• _DATASET ENTRIES_:
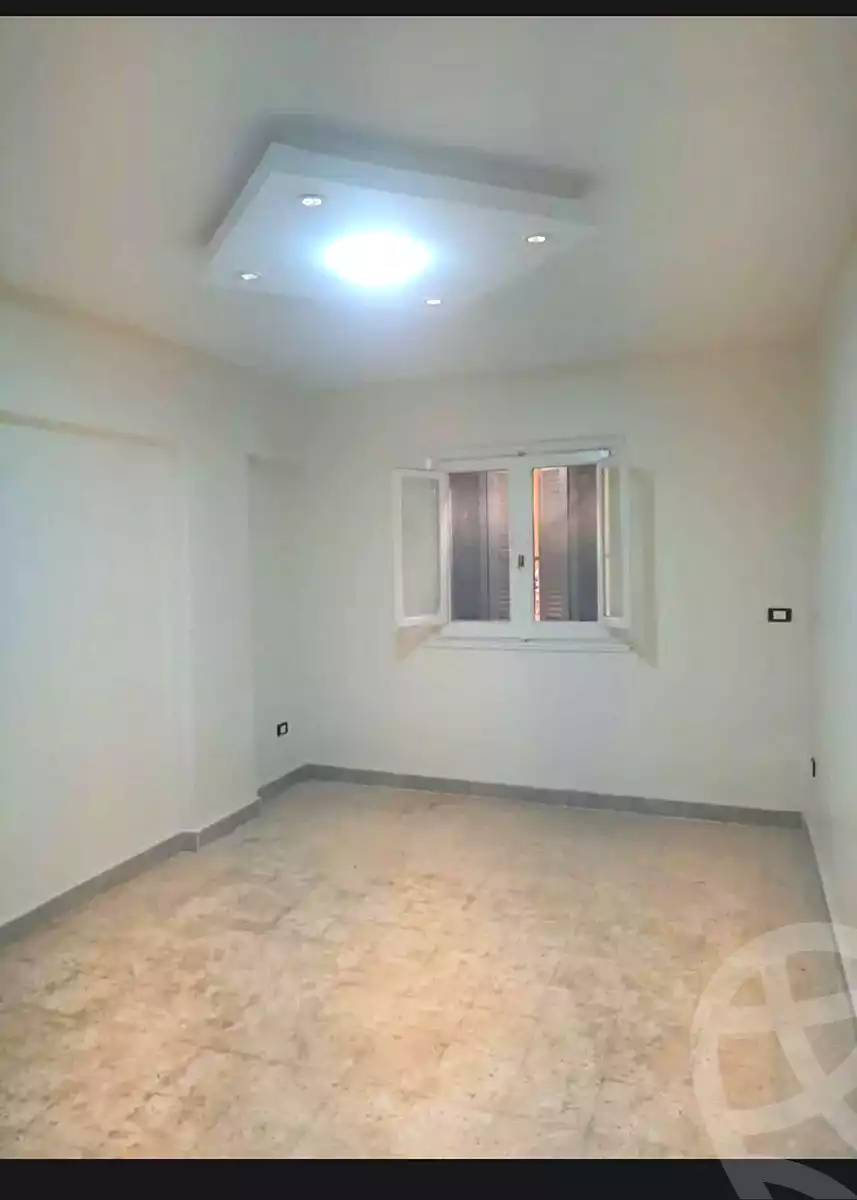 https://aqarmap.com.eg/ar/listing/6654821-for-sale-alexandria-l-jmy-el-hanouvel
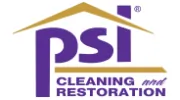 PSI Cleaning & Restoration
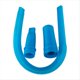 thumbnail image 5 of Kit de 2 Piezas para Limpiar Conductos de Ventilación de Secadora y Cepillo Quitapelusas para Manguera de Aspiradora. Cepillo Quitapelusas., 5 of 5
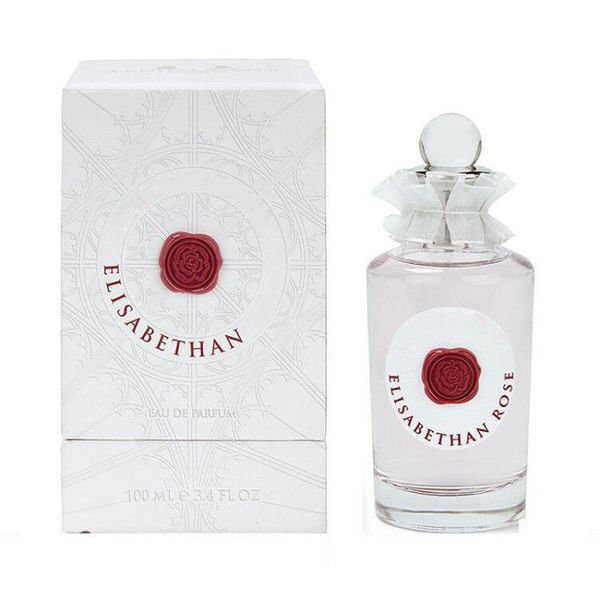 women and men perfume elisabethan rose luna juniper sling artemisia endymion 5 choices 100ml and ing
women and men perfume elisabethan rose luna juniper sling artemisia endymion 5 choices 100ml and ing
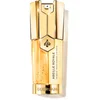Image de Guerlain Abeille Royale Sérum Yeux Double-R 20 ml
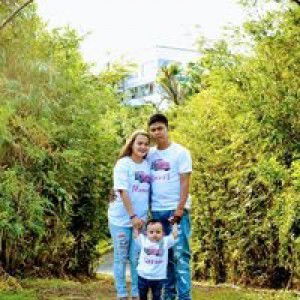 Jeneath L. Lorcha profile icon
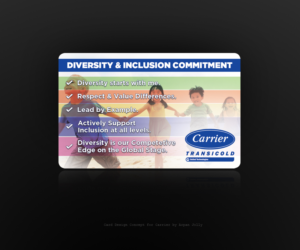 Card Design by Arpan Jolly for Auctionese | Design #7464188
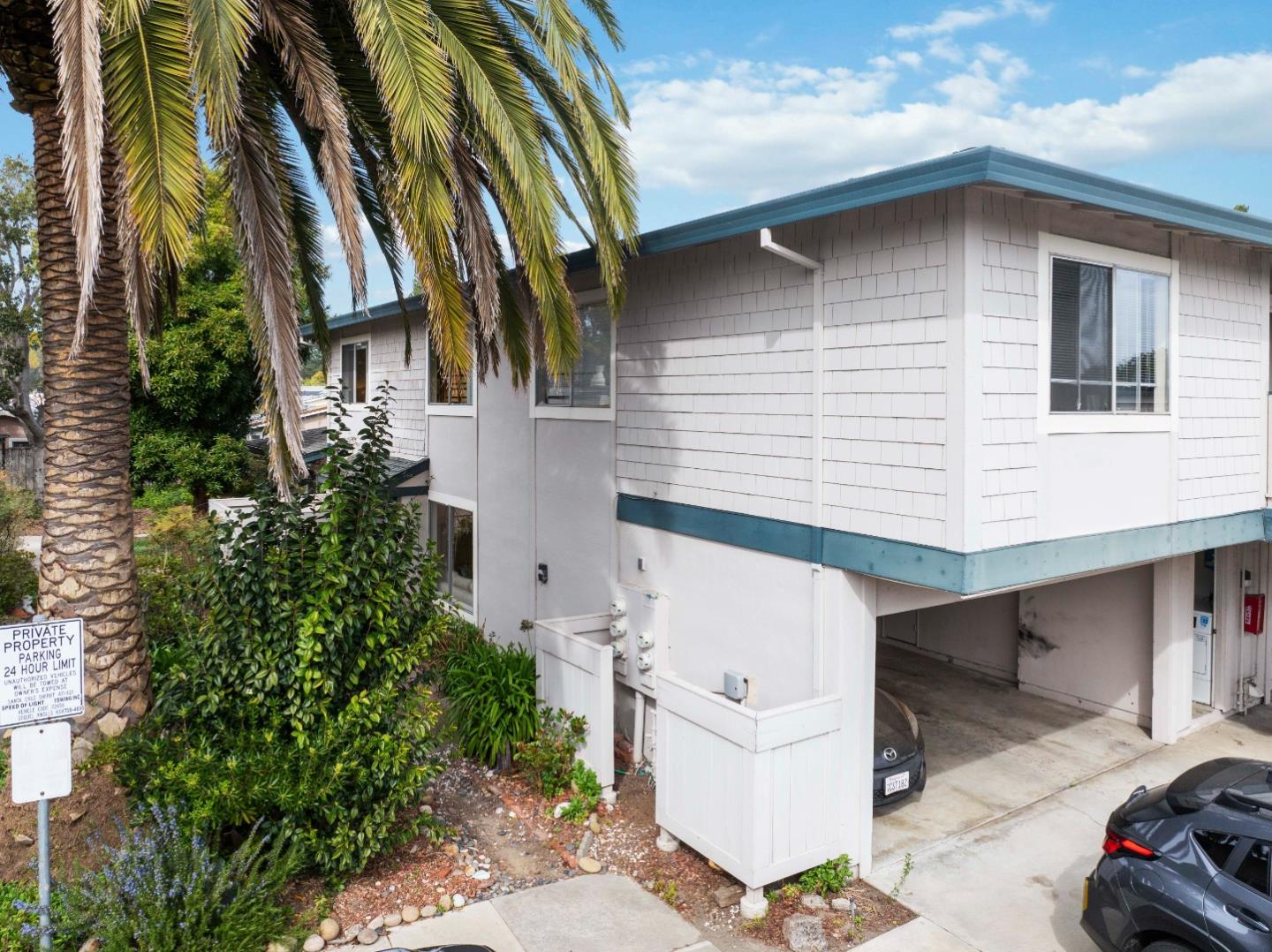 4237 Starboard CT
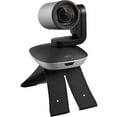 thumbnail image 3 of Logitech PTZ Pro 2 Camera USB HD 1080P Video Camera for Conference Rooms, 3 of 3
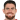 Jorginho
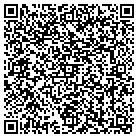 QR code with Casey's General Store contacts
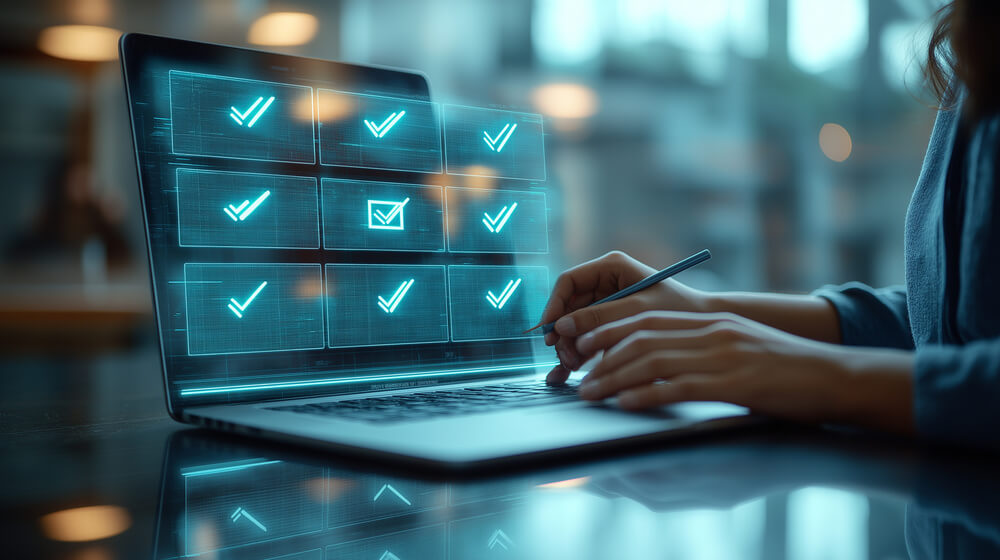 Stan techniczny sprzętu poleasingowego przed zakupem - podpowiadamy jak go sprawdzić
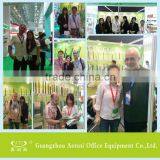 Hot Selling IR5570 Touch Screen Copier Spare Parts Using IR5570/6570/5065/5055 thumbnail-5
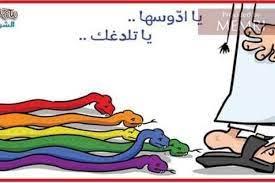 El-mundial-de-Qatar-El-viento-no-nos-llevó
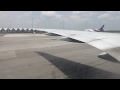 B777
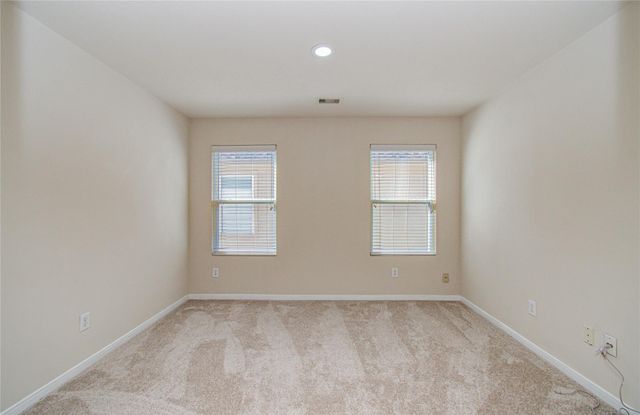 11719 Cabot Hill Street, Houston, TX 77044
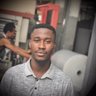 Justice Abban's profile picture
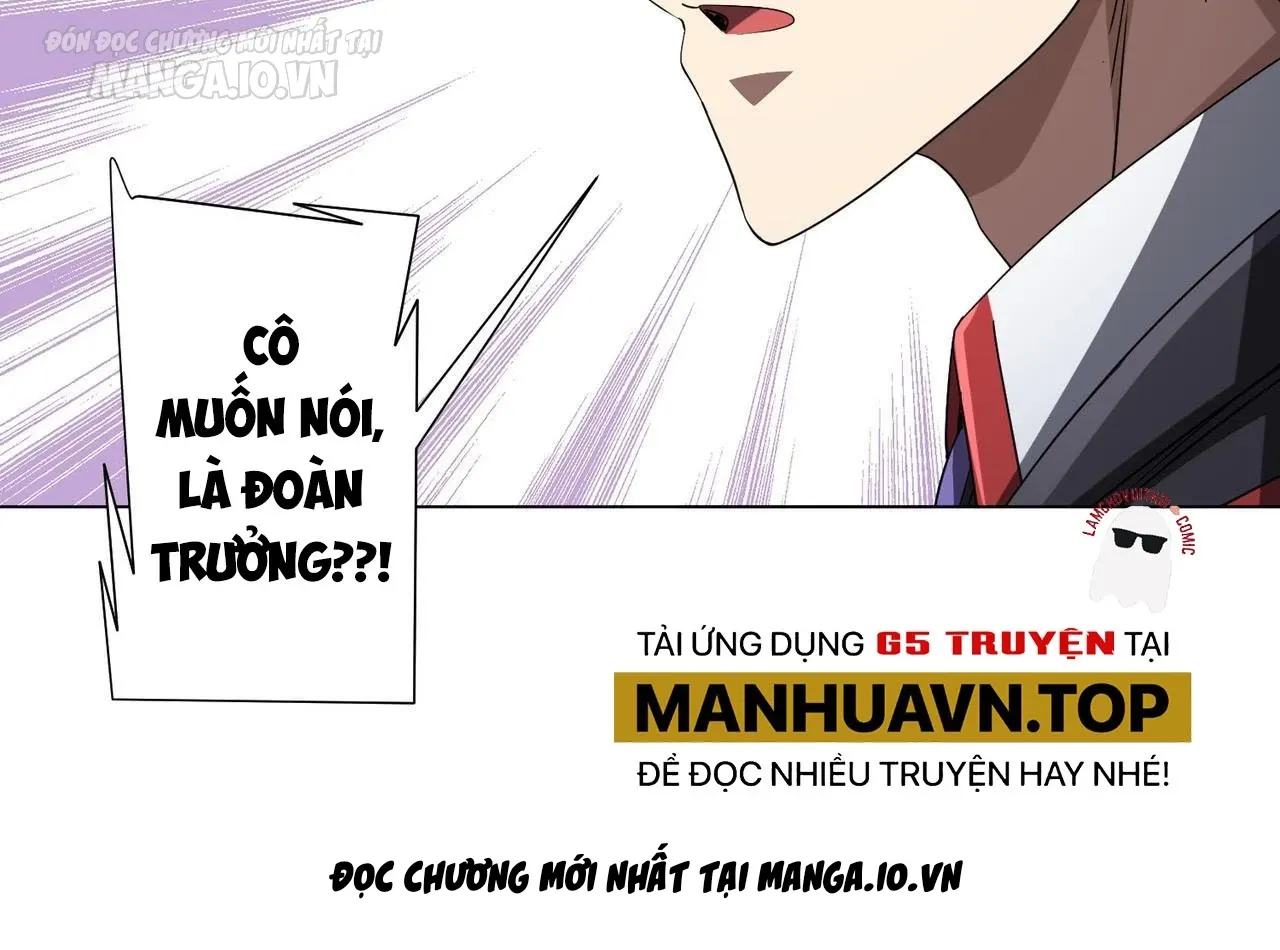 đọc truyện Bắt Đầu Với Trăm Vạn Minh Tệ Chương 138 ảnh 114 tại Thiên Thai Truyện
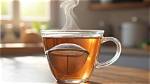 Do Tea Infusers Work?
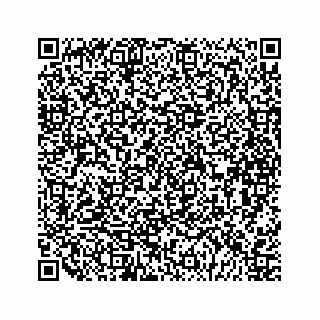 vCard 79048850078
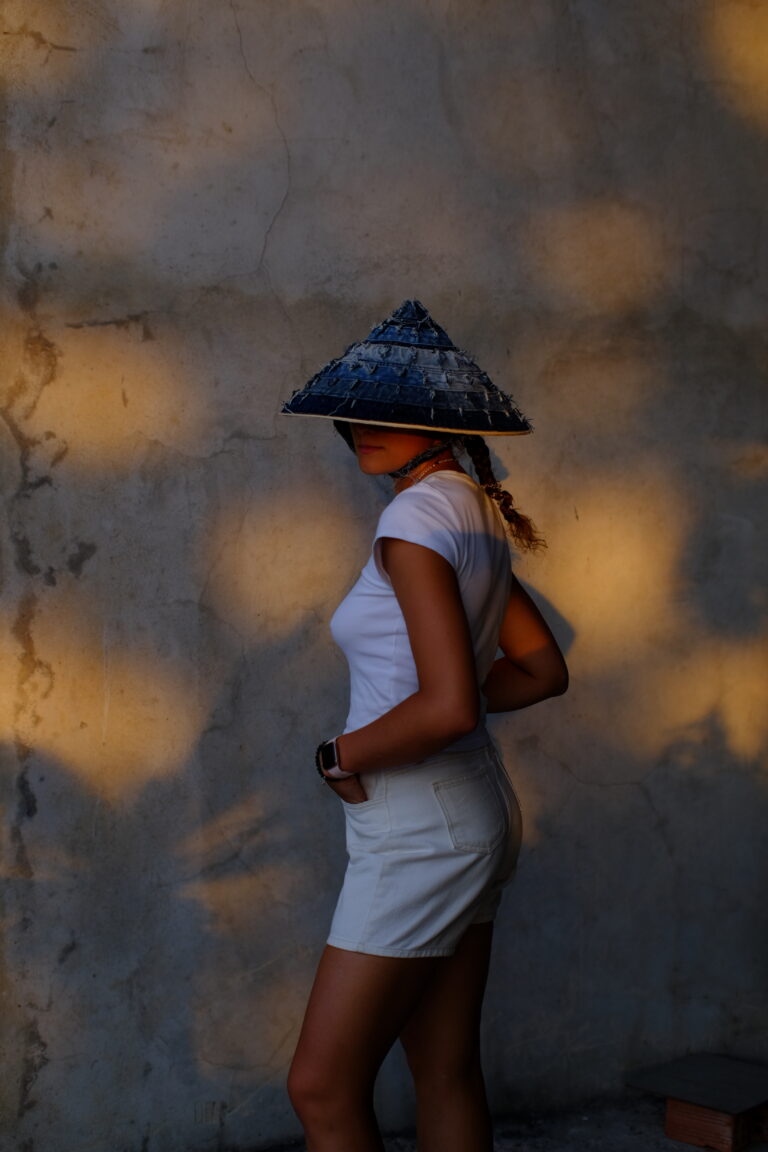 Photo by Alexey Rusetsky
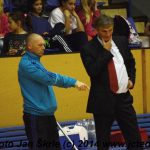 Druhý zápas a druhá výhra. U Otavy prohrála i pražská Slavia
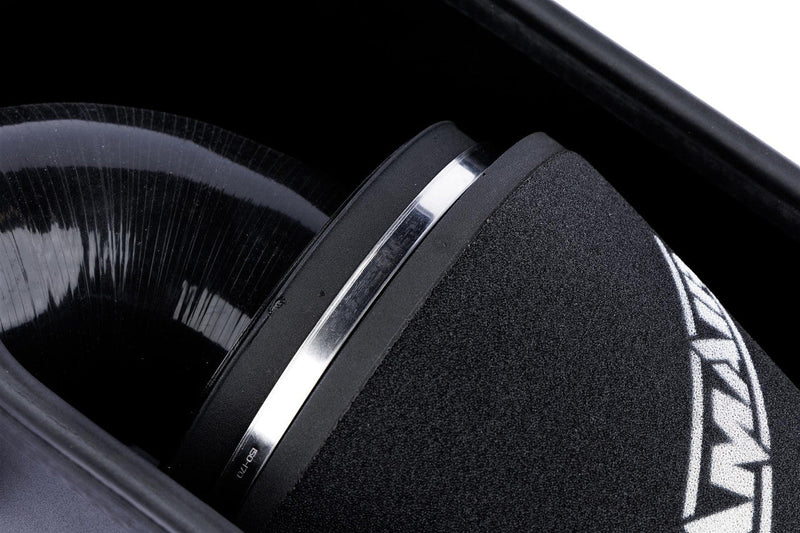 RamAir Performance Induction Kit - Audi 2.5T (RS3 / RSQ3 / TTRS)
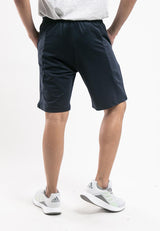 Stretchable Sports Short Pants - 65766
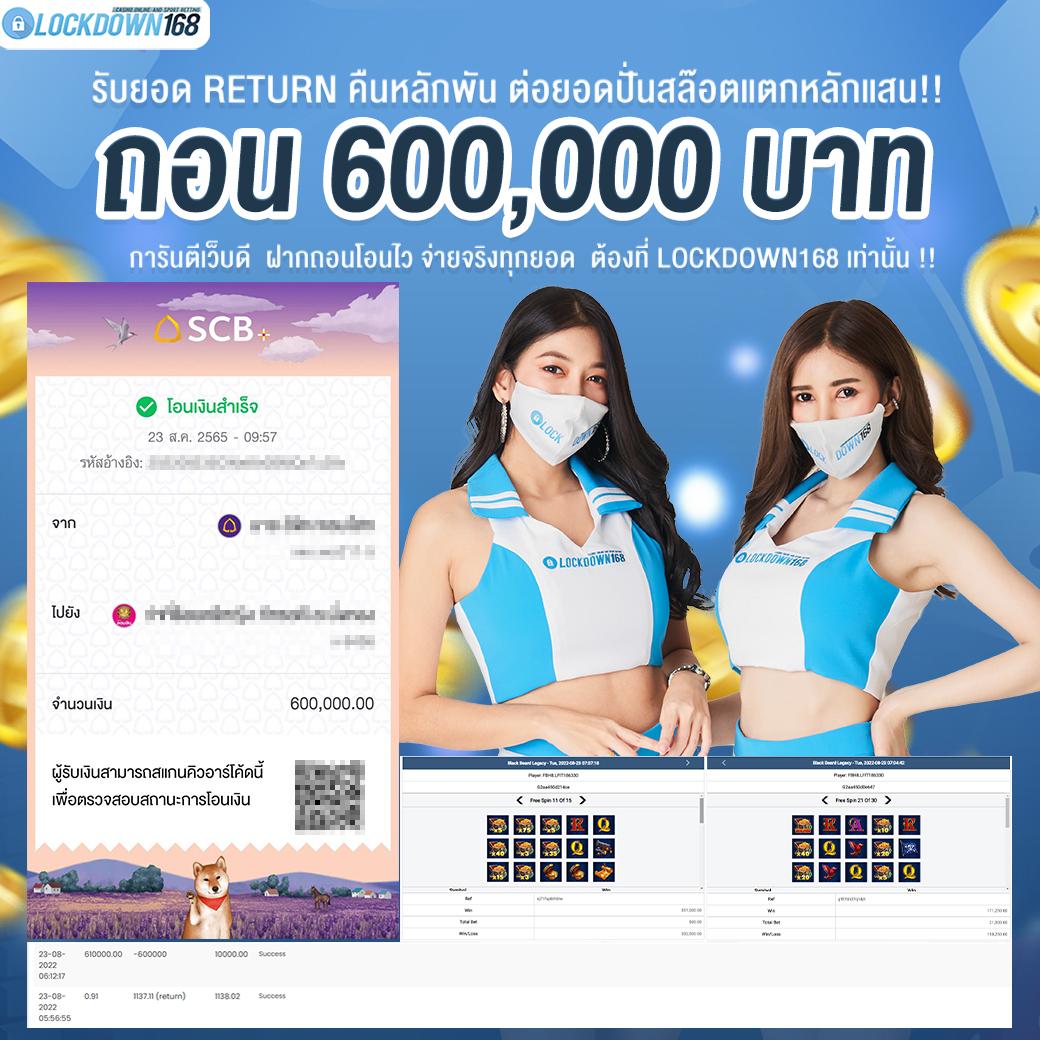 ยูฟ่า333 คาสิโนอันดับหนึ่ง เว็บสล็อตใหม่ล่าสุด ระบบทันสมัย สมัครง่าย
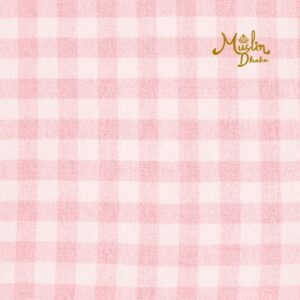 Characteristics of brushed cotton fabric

• _REQUIREMENT_: Return exactly the lines of the material above, starting at the line containing "Justice Abban's profile picture" and finishing at the line containing "RamAir Performance Induction", without any pictures.

• _EXERCISE OUTPUT_:
 Justice Abban's profile picture
 đọc truyện Bắt Đầu Với Trăm Vạn Minh Tệ Chương 138 ảnh 114 tại Thiên Thai Truyện
 Do Tea Infusers Work?
 vCard 79048850078
 Photo by Alexey Rusetsky
 Druhý zápas a druhá výhra. U Otavy prohrála i pražská Slavia
 RamAir Performance Induction Kit - Audi 2.5T (RS3 / RSQ3 / TTRS)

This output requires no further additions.